[Contributor: Ginny Spicer]
So you thought you'd get to that site using HTTP, eh?
It has become an increasingly common practice to redirect from using HTTP to HTTPS after the TCP handshake. Even if this isn't the core focus of your trace file analysis, you are bound to see it eventually. This practice should be understood in order to differentiate it from other types of redirection. In this blog, we'll walk through a redirection to HTTPS and see this process in action. Feel free to grab the trace file and follow along.
Trace File: http-dictionary.pcapng
DNS Resolution
The first packets in the trace file resolve the IPv4 address for www.dictionary.com.
Note the CNAME (canonical name) response in Frame 2. It appears that www.dictionary.com is hosted by Fastly - a popular cloud-based content delivery service that hosts this site on edge servers.
So far, so good.
TCP Connection
In Frame 3, the client sends a SYN packet to port 80 of 151.101.190.133 (the Fastly server's IP address). The target port is 80. The client wants to make an unencrypted connection to the Fastly server.
Frames 5 and 6 complete the TCP handshake. [Extra Credit 1: What's the Initial Round Trip Time between the client and the Fastly server? See the end of this blog for the answer.]
IPv6 Resolution Failure
In Frame 8, our client attempts to resolve the IPv6 address for www.dictionary.com, but, as we see in Frame 9, there is no IPv6 address associated with that host name.
The Redirection
In Frame 10, the client requests the default page ("GET /").
In Frame 11, the server sends the ACK to the GET request.
In Frame 12, the server responds with a 301 Moved Permanently Status Code.
Let's look inside the HTTP section of Frame 12.
Whenever an HTTP server sends a reply with a Status Code starting with "3," it is redirecting the client. Within that redirection packet, there should be Location field to indicate the desired target location. [Extra Credit 2: What display filter would show us only HTTP replies containing Status Codes that begin with a "3"? See the end of this blog for the answer.]
The server could be redirecting the client to a subdirectory or another server. In this case, the server is redirecting the client to establish a secure connection to https://www.dictionary.com (HTTP over TLS).
Frames 13-16 indicate the client and server are finished (FIN) using the port 80 connection.
In Frames 17-19, the client begins establishing a connection to TCP port 443.
Look for the Server Name information. It's easiest to find if you expand the Packet Bytes pane and click on the visible name.

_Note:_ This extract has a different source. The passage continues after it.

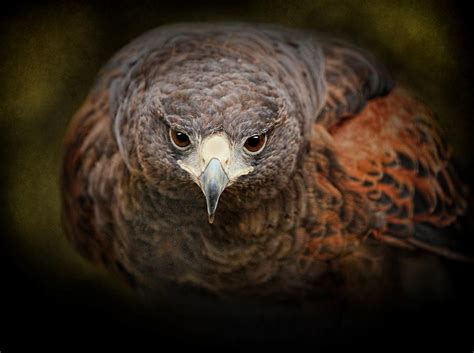 Harris Hawk By Pat Abbott Raptors Bird Wild Birds Beautiful Birds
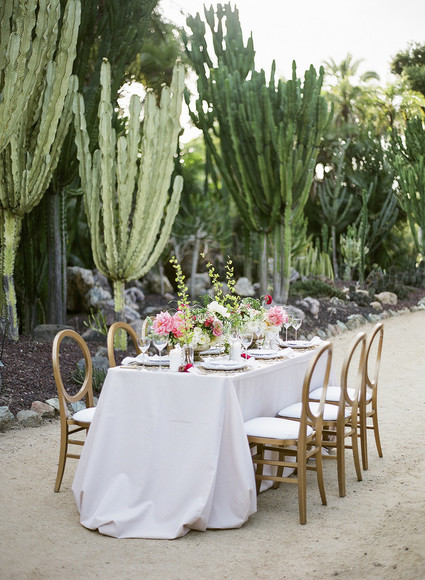 Spring table styling in a cactus garden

Wireshark highlights that field in the Packet Details pane. [Hint: I'd right-click on this field and select Apply as column.]
This client has been successfully redirected to a secure connection for www.dictionary.com.
As quickly as that, the client has been successfully redirected to a secure connection for www.dictionary.com.
Since redirection from HTTP to HTTPS is so common to see, it is useful to be able to identify it at a glance and now you can! Why not check out some of my other blog posts or sign up for the newsletter while you're here?
WANT TO LEARN MORE? We offer on-demand, online and instructor-led courses on Wireshark and TCP/IP communications! Check out the links under "Training" on the menu for more information and sign up for our biweekly newsletter to know when future blogs, events, or freebies are announced. Every new sign up also gets five free Wireshark labs!
Extra Credit Answers
Extra Credit 1: 0.010904 seconds
Extra Credit 2: http.response.code > 299 && http.response.code < 400 would be one filter option. Another would be http.response.code >= 300 && http.response.code < 400. There are obviously several variations possible for this filter.
Try yours on the http-dictionary.pcapng trace file.